# Adoptable young female in Fairfield, California



## mss (Mar 1, 2006)

I saw this little girl on petfinder.com She is in the Solano County public shelter. They describe her as a Maltese mix, but from the picture, doesn't it look like she could be purebred? Their listing on petharbor.com adds that she is already spayed and about 6 months old and came into the shelter on Jan. 22--which might mean she is an owner surrender. 

I hope she'll get adopted quickly. 

Petfinder Adoptable Dog | Maltese | Fairfield, CA | A149672


----------



## Snowbody (Jan 3, 2009)

Oh that poor baby. It looks like the shelter is near San Francisco. Hoping Edie sees this. Maybe she'll know of someone up near there who can help.


----------



## mss (Mar 1, 2006)

Well, this is very strange. I emailed them saying if the dog needed help getting out/adopted, I could probably help. I got an email back saying the dog had been adopted January 19. Now the petfinder post and the petharbor post (the one that said she came into the shelter on January 22) have been taken down.


----------



## Snowbody (Jan 3, 2009)

mss said:


> Well, this is very strange. I emailed them saying if the dog needed help getting out/adopted, I could probably help. I got an email back saying the dog had been adopted January 19. Now the petfinder post and the petharbor post (the one that said she came into the shelter on January 22) have been taken down.
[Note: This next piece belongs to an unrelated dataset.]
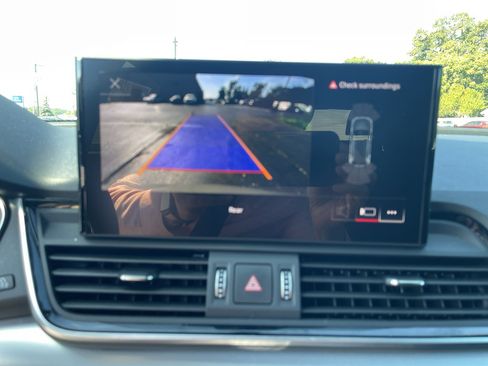 Used 2025 Audi Q5 2.0T Premium image 24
Bizarre - but good news if it's true. :thumbsup:


----------



## 3Maltmom (May 23, 2005)

I'm sure another rescue pulled this precious soul. She'll be fine.

Bless your heart, my friend ~ :grouphug:


----------



## mss (Mar 1, 2006)

Thanks for the reassurances! 

(Miss Lily should be in her new home in a few days, so of course I can't stay off the internet.  )


----------



## wagirl98665 (Jan 5, 2006)

Poor little thing.


----------